The process of extracting from F* to C involves:

  1. calling fstar.exe to generate a set of .krml files
  2. calling krml on these files to generate a set of C files
  3. calling the C compiler to generate an executable.

KreMLin can automate the first and last steps, and act as a driver for both F* and the C compiler, allowing for a quick edit-compile-cycle. For this present file, one may use:

$ krml introduction.fst -no-prefix Introduction -o test.exe && ./test.exe

The present tutorial will use this mode exclusively, as it is much easier to use and allows trying out KreMLin without writing a substantial amount of Makefiles. Furthermore, one can pass .c, .h, .o, and .S files to KreMLin, to be included at the right step of the build, along with C linker and compiler options via KreMLin’s -ccopt and -ldopt options.

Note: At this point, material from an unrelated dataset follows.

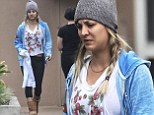 Working out that frustration! Kaley Cuoco hits the gym for an early session after angrily denying pregnancy claims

FIXME (Jonathan Protzenko)

Add a forward pointer to section 8.

However, using KreMLin as a driver is inefficient for two reasons:

  • step 1 uses “legacy” extraction in F*: files are processed sequentially, without caching, and verification is by default not performed (the -verify will generate F* errors))
  • step 3 is not parallel

Section ?? provides a complete sample Makefile that performs parallel verification and extraction, along with parallel compilation of the resulting C code, using F*’s automated dependency analysis and gcc -MM for correct, incremental builds.